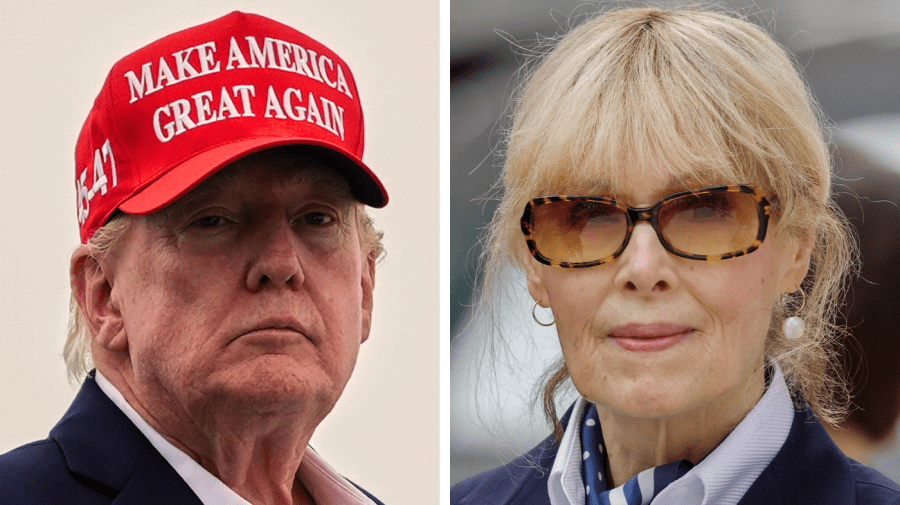 Supreme Court rejects Trump's long-shot effort to overturn E. Jean Carroll verdict 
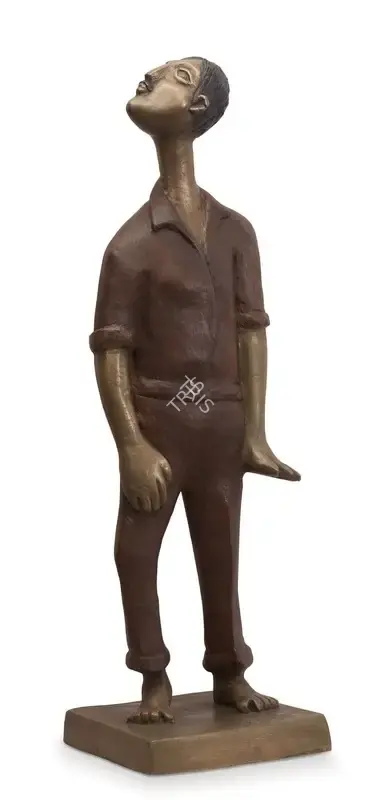 Ramkumar (Artist). Untitled, 2015 | Sculpture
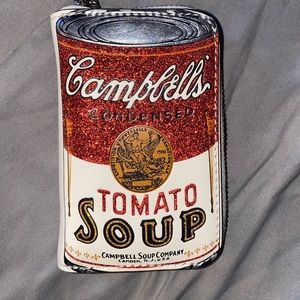 Coach Campbells Soup Limited Edition Wallet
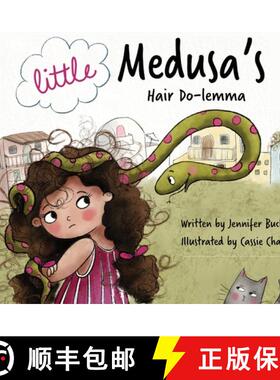 【3-4周达】精装 Little Medusa's Hair Do-lemma [9798349244469]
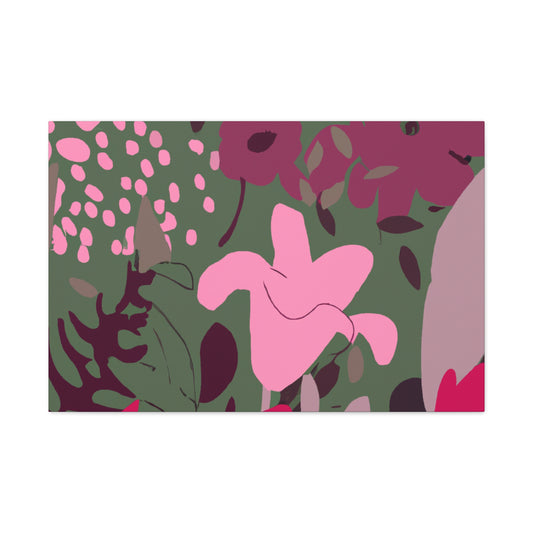 Petrichor-Floral - Canvas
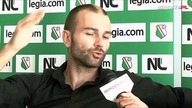 Nowa gwiazda Legii: nie wiem ile strzelę goli, futbol to sport zespołowy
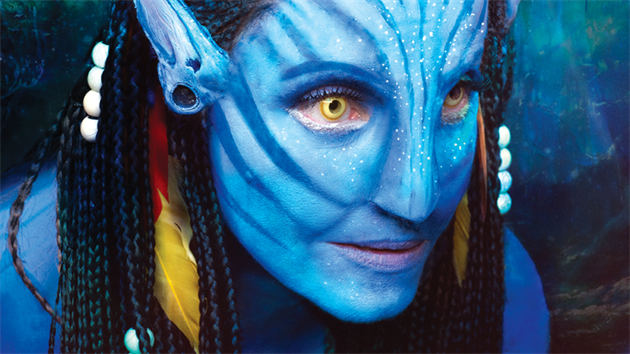 Kalend Promny 2020: Chantal Poullain jako princezna Neytiri ve filmu Avatar (2009)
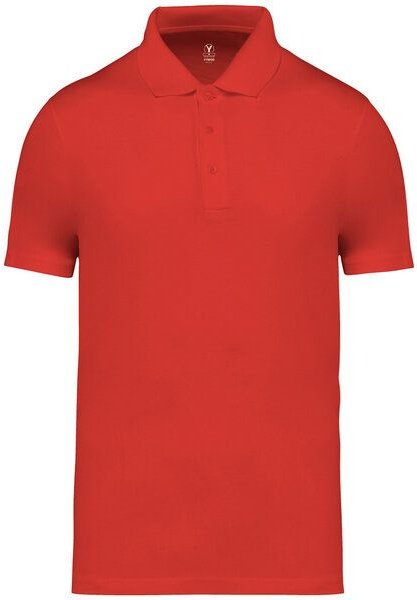 YTWOO Organic Classic Herren Poloshirt aus reiner Bio-Baumwolle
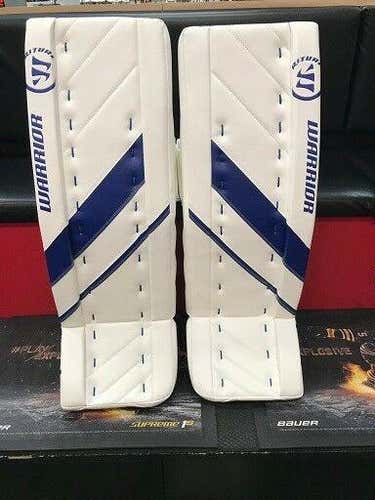 New Warrior Ritual G4 Goalie Leg Pad 33+1.5*No Trades*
..............................
Task brief: In your copy, include every record word for word but no pictures.

Exercise solution:
 Supreme Court rejects Trump's long-shot effort to overturn E. Jean Carroll verdict 
 Ramkumar (Artist). Untitled, 2015 | Sculpture
 Coach Campbells Soup Limited Edition Wallet
 【3-4周达】精装 Little Medusa's Hair Do-lemma [9798349244469]
 Petrichor-Floral - Canvas
 Nowa gwiazda Legii: nie wiem ile strzelę goli, futbol to sport zespołowy
 Kalend Promny 2020: Chantal Poullain jako princezna Neytiri ve filmu Avatar (2009)
 YTWOO Organic Classic Herren Poloshirt aus reiner Bio-Baumwolle
 New Warrior Ritual G4 Goalie Leg Pad 33+1.5*No Trades*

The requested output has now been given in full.